Description of the task> From the listing below, pull out every line where the string "Used" appears.

Input records>

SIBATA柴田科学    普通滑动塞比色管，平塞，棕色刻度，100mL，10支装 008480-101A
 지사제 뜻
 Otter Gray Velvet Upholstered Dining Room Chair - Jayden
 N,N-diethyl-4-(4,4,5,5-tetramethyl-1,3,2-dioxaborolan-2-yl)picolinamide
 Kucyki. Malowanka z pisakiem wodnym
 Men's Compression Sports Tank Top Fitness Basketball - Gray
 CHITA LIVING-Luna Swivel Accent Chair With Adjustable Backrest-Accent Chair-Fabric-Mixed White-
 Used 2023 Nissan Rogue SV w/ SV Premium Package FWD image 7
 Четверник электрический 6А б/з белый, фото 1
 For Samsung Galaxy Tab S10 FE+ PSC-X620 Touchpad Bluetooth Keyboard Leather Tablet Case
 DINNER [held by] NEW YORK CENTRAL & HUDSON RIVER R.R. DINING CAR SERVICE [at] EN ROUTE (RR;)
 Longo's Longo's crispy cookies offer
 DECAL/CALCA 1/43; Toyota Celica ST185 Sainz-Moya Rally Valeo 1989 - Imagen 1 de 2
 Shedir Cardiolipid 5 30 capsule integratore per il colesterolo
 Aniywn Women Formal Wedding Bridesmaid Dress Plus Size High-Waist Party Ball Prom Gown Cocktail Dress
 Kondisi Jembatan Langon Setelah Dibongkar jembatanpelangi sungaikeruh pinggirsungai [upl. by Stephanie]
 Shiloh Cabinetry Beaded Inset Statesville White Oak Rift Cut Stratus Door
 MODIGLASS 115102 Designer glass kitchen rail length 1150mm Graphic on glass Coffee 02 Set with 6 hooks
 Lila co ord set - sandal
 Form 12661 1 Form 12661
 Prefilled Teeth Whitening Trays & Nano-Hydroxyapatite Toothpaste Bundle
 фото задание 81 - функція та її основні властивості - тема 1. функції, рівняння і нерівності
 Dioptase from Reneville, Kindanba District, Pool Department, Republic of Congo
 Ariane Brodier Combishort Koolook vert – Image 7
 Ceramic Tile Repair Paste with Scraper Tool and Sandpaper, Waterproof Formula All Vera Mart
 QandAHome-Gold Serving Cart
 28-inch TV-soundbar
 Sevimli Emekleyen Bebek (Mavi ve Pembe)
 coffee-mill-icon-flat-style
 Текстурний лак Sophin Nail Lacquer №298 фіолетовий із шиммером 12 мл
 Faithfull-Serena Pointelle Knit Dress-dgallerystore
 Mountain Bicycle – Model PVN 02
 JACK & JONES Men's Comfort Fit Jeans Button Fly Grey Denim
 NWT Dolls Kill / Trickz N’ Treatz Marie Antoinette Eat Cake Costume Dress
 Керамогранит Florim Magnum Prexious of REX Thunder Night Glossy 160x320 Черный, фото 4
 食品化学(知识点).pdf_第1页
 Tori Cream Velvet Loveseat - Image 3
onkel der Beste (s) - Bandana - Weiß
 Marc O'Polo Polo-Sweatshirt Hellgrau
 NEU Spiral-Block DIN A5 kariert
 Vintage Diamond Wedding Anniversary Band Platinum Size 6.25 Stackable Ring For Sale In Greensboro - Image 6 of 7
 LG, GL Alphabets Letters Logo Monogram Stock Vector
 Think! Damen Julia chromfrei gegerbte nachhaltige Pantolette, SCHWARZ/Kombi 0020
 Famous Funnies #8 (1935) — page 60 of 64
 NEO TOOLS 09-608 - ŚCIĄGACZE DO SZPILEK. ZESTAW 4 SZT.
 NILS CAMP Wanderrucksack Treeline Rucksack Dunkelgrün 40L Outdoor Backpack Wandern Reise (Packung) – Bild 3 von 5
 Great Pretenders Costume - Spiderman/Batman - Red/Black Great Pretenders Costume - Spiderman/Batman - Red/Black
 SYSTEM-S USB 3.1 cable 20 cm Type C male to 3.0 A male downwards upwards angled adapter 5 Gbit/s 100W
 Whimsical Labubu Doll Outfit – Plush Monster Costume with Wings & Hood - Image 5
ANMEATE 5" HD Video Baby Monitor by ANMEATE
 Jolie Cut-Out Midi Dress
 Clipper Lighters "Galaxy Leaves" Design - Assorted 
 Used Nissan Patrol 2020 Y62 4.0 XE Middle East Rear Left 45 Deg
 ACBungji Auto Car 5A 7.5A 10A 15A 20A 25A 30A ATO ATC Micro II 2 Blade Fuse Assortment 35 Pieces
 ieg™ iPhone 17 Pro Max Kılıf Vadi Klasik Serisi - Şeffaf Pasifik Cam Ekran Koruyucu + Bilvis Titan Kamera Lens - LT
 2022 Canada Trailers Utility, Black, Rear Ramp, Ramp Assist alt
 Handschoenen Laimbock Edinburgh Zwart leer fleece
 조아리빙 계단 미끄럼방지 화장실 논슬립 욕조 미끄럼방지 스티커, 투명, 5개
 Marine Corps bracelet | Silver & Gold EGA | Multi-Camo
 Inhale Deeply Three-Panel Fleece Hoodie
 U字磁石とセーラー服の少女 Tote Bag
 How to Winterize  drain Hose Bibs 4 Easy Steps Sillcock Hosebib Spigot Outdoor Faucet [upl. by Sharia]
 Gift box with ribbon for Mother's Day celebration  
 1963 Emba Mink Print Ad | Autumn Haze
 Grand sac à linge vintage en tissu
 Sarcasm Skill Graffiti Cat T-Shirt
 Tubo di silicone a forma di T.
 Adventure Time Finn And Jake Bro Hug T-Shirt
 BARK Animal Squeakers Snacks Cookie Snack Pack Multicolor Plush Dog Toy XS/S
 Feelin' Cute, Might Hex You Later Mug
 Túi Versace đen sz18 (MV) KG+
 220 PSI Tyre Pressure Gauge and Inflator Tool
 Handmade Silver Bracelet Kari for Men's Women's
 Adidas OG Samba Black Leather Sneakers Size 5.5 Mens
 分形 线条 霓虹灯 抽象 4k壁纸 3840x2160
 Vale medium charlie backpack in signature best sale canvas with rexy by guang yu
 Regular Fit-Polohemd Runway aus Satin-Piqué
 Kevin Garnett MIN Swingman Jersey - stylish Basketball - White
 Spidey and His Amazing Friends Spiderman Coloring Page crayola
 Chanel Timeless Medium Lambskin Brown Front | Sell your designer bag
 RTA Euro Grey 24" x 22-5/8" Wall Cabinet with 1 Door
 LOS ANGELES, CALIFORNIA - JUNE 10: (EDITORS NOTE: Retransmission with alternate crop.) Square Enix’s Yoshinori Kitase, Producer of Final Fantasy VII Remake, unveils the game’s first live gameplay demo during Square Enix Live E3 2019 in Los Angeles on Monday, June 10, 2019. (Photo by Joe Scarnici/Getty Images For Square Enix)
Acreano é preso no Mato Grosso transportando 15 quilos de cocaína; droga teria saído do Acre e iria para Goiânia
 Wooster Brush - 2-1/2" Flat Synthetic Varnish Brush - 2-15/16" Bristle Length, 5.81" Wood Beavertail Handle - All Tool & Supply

Solution to the exercise>
 Used 2023 Nissan Rogue SV w/ SV Premium Package FWD image 7
 Used Nissan Patrol 2020 Y62 4.0 XE Middle East Rear Left 45 Deg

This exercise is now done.